What made you want to become an athletic trainer?

I swam in college and I had some bad shoulders so I was in the athletic training room pretty much every day for four years. So I had the opportunity to get to know my athletic trainer really well and I really appreciated everything she did for me and I wanted to be able to help people that way. I love athletics and team sports and being involved in that capacity to help a team was probably why I went that route.

What was your favorite sport growing up?

Oh that’s hard. I was kind of like an outlier cause I was a swimmer and I played water polo. But I was growing up in Chicago during the Michael Jordan era and we always watched basketball. So pretty much anything Chicago- Cubs, Bears, Blackhawks, Bulls.

What’s your favorite part about being an athletic trainer?

I like being able to help athletes improve their ability to perform. So when you can take someone through the injury process and help them in a mental capacity, emotional capacity, physical capacity, and see the improvement they make and see the progress and how much happier they get as they go from being injured to getting healthy and returning. It’s rewarding to kind of be a soundboard for the athletes to help them work through difficult times is something that’s very rewarding. Ultimately taking individual athletes helping them and then making the team as a whole better and then seeing that progress as you win games.

Walk us through a game day or practice.

Practice day typically what happens is the athletes are usually at the facility anywhere from 1 to 2 hours early and so I’m usually there 3 to 4 hours before practice starts and I have treatments scheduled out. The veterans come in typically closer to practice time. If practice is at 11 I’ll usually start seeing people around 8 and then after practice there’s kind of a post practice with all the ice, recovery based things and treatments.

Game day if shoot around is at 10 a.m., we’re there at 7, girls will start coming in probably around 8:30 a.m. Same kind of thing- it’s all pre practice preparation. Shoot around goes 10 a.m. to 11 a.m., then players will start to go home and some of them will need a few things. If we play at 7 p.m., usually there’s athletes back in the training room around 4 p.m.. On game days I very much let the athletes kind of direct what they need to be most successful for the games.

What’s something about PT that most people don’t know?

The common misconception is that an athletic trainer just tapes ankles and gives water, but athletic trainers usually have a really strong background in anatomy, kinesiology, biomechanics-really understanding how the body works. And so I think that I might not even talk to one of my athletes that morning, but when you become as familiar with them as I do I can watch them in practice and see how they’re moving and I can usually tell if something’s bothering them even before they even tell me. And just also being able to tell when fatigue is setting in and things like that.  A lot of times athletes obviously they’re very tough, very strong and don’t want to complain, and so it’s my responsibility kind of to observe them, see them moving and then I have to approach them about “Hey what’s going on? Can we work on this?”

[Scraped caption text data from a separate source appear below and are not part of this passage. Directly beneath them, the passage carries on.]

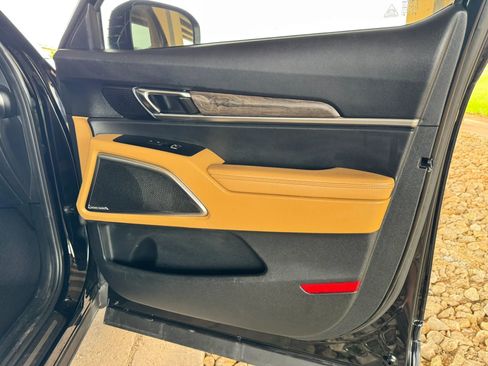 Used 2020 Kia Telluride SX w/ Towing Package FWD image 29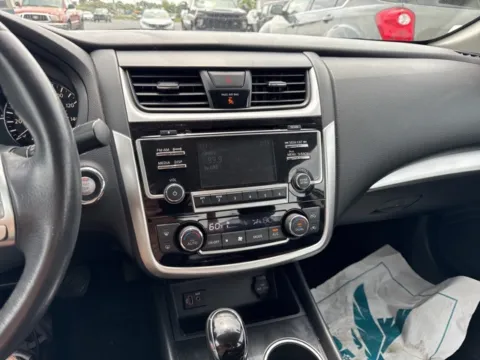More photos of 2018 Nissan Altima 2.5 SV at Hi Lo Auto Sales - Frederick - 355, MD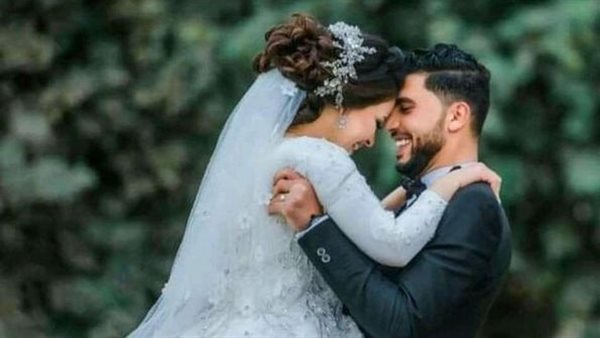 الضحية وزوجته 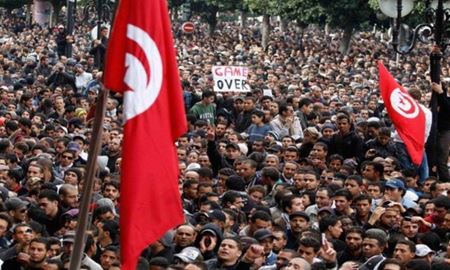 ادامه اعتراض و ناآرامی در شهرهای تونس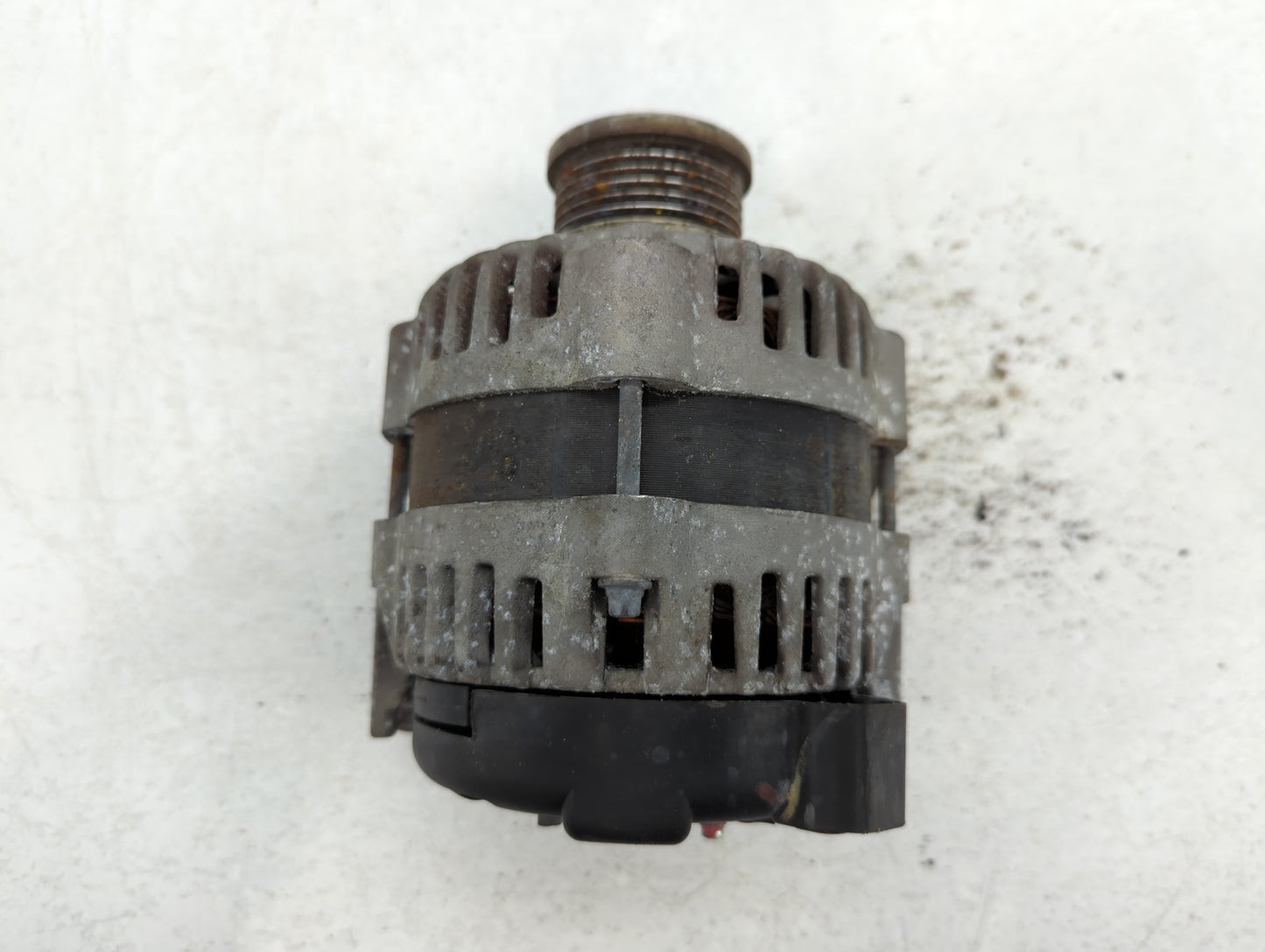 2012-2018 Chevrolet Sonic Alternator Replacement Generator Charging Assembly Engine OEM P/N:13579666 Fits OEM Used Auto Part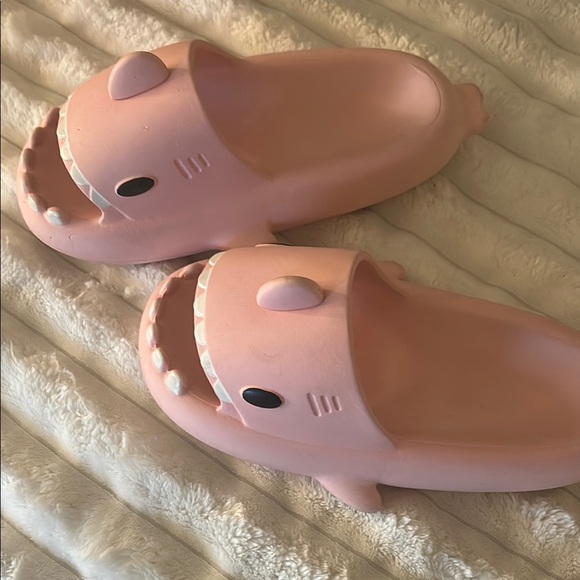 Women’s pink Shark slides - Picture 7 of 7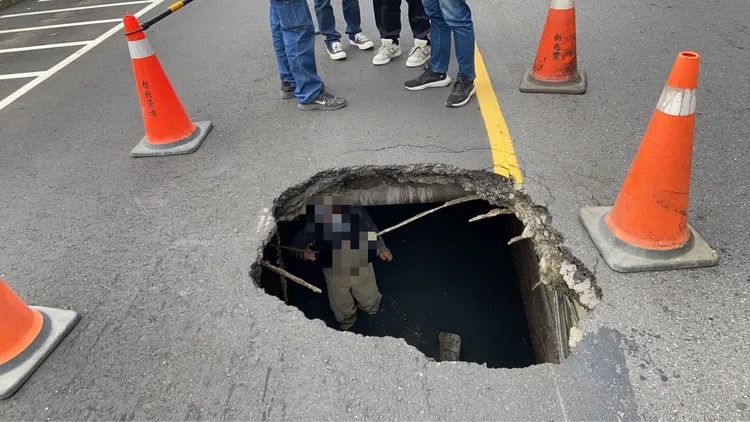 新北市新莊復興路一段附近，突然冒出巨大天坑。 圖：警方提供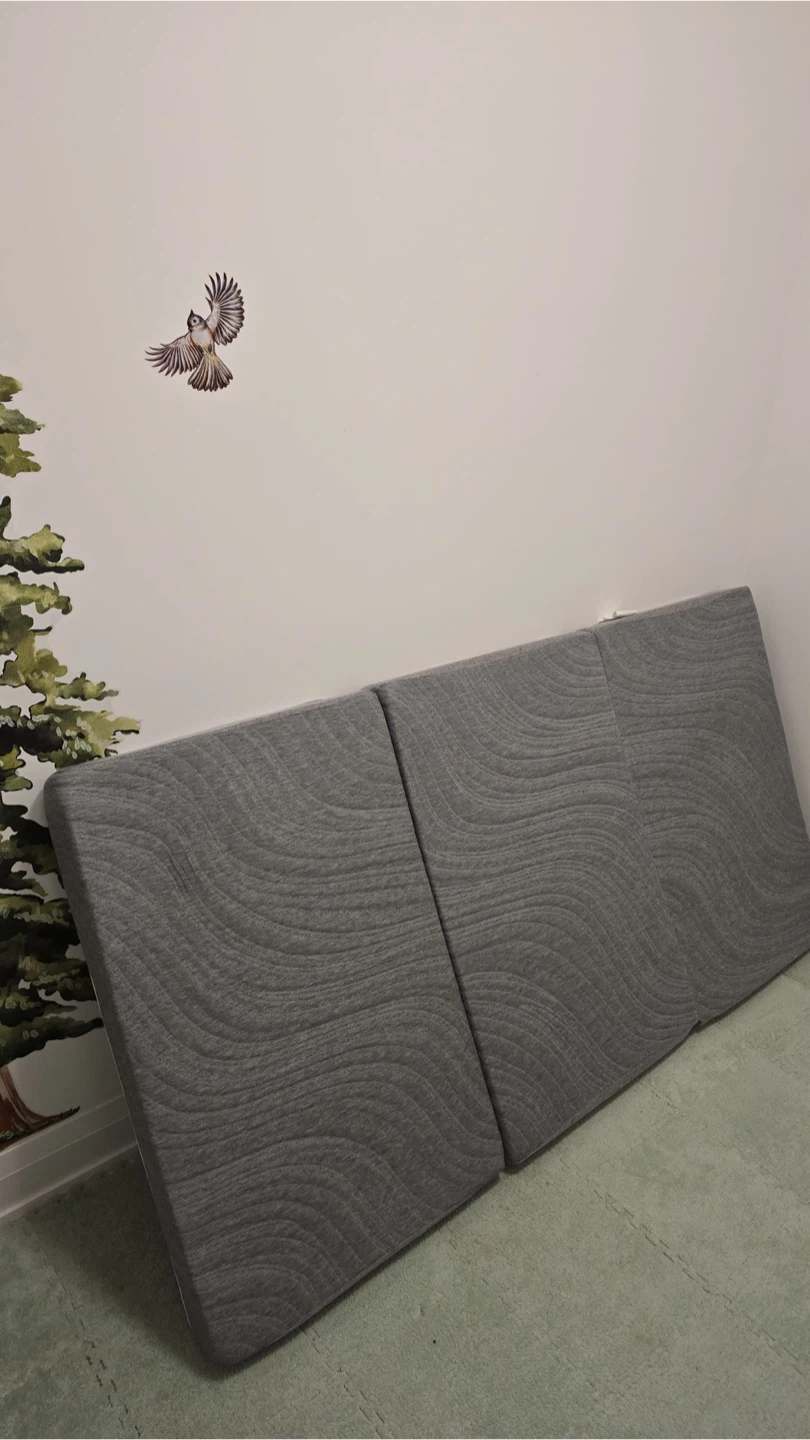 Grey Folding Twin Foam Mattress - Barely used - photo 4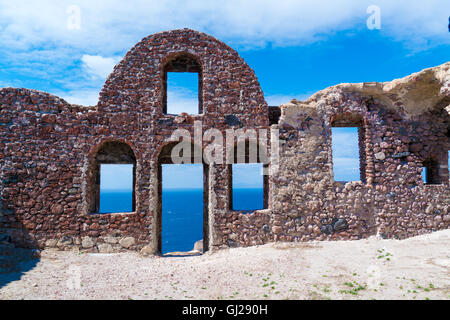 Leere Mauer mit dem Meer im Hintergrund Stockfoto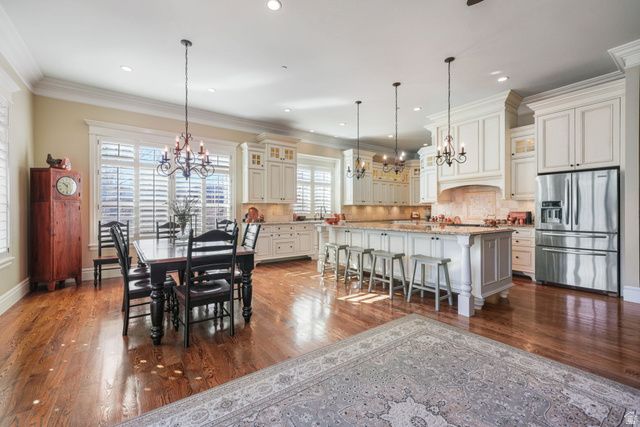 82 N MEADOW DR, Springville, UT 84663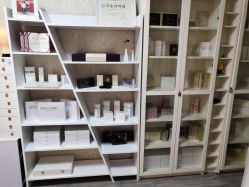 -苗方清颜•痘肌问题肌专研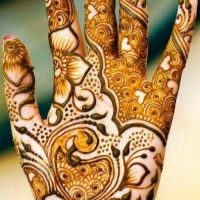 Henna@2kd per hand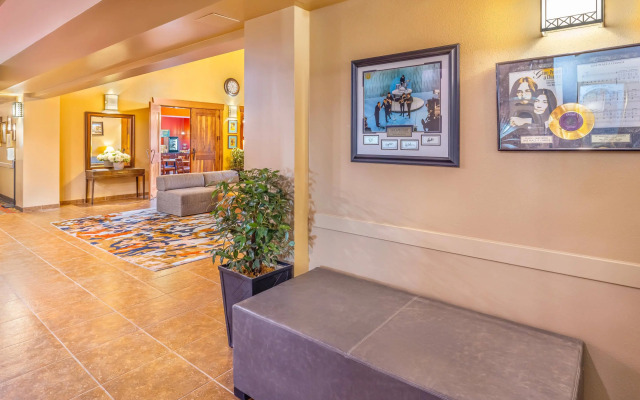 Quality Inn & Suites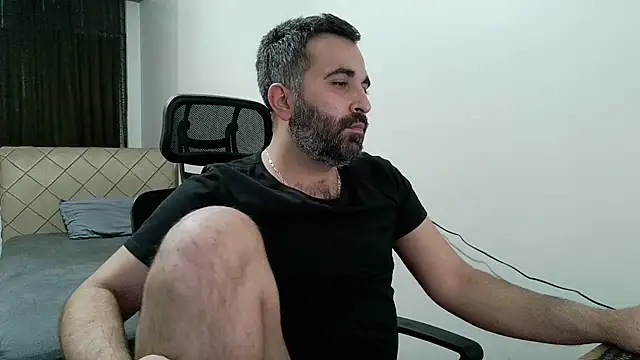 Snapshot of tgltplsr chatting on 01-31-26, 10:41 tgltplsr online show from 01-31-26, 10:41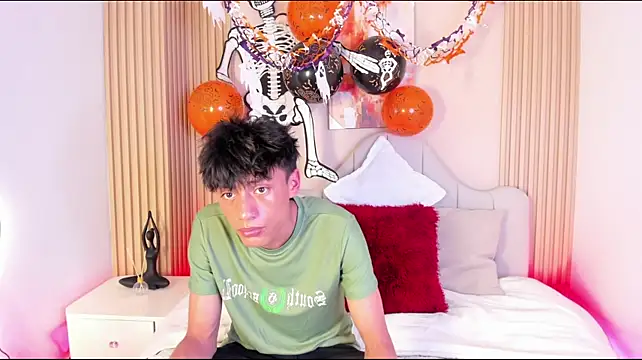 Im_Tian_ Webcam-Show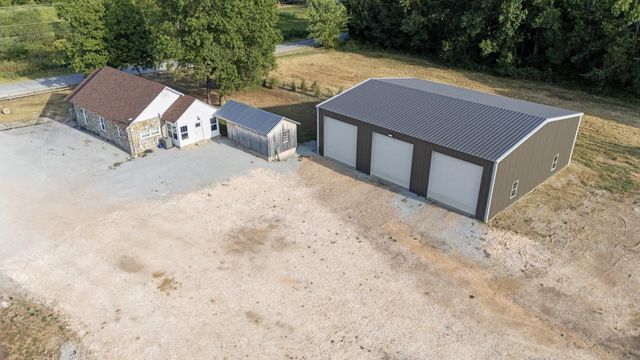 28151 S 620 Rd., Grove, OK 74344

What’s fun for me in my job is that someone might sprain their ankle, but why did they sprain their ankle? Is it because somethings wrong with their ankle? Is it because there’s something wrong with their knee or their hip or their back? And is fatigue involved? Just because you hurt one part of your body doesn’t mean somethings not going on somewhere else. So it’s kind of that every injury you see is unique and that there’s all these varying and contributing factors. So kind of playing the game of figuring out what is the cause of this problem and then being able to fix it.

Just for fun—what’s your favorite movie? Song? Candy? Go.

Oh my gosh. Those are all impossible questions. I don’t have an all-time favorite movie, but right now I’m binge watching Madam Secretary so I’m really into that. I’m a huge country music fan, so pretty much anything country music. My all-time favorite food in the world is ice cream– any flavor, anytime.